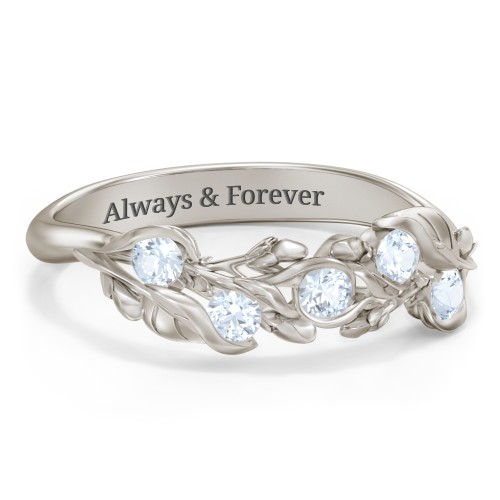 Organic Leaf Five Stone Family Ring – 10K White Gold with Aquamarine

....................

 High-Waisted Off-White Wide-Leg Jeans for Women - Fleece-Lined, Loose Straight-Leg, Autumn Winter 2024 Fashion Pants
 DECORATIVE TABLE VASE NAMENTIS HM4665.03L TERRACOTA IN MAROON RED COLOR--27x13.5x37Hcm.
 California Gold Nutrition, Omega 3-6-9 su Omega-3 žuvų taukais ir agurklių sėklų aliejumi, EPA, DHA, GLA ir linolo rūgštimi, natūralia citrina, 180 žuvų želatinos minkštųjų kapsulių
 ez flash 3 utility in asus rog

....................

Required work -
Copy exactly the stretch of data above from the line with "DECORATIVE TABLE VASE" through the line with "ez flash 3 utility in asus rog", and omit all other lines.

Result of this task -
 DECORATIVE TABLE VASE NAMENTIS HM4665.03L TERRACOTA IN MAROON RED COLOR--27x13.5x37Hcm.
 California Gold Nutrition, Omega 3-6-9 su Omega-3 žuvų taukais ir agurklių sėklų aliejumi, EPA, DHA, GLA ir linolo rūgštimi, natūralia citrina, 180 žuvų želatinos minkštųjų kapsulių
 ez flash 3 utility in asus rog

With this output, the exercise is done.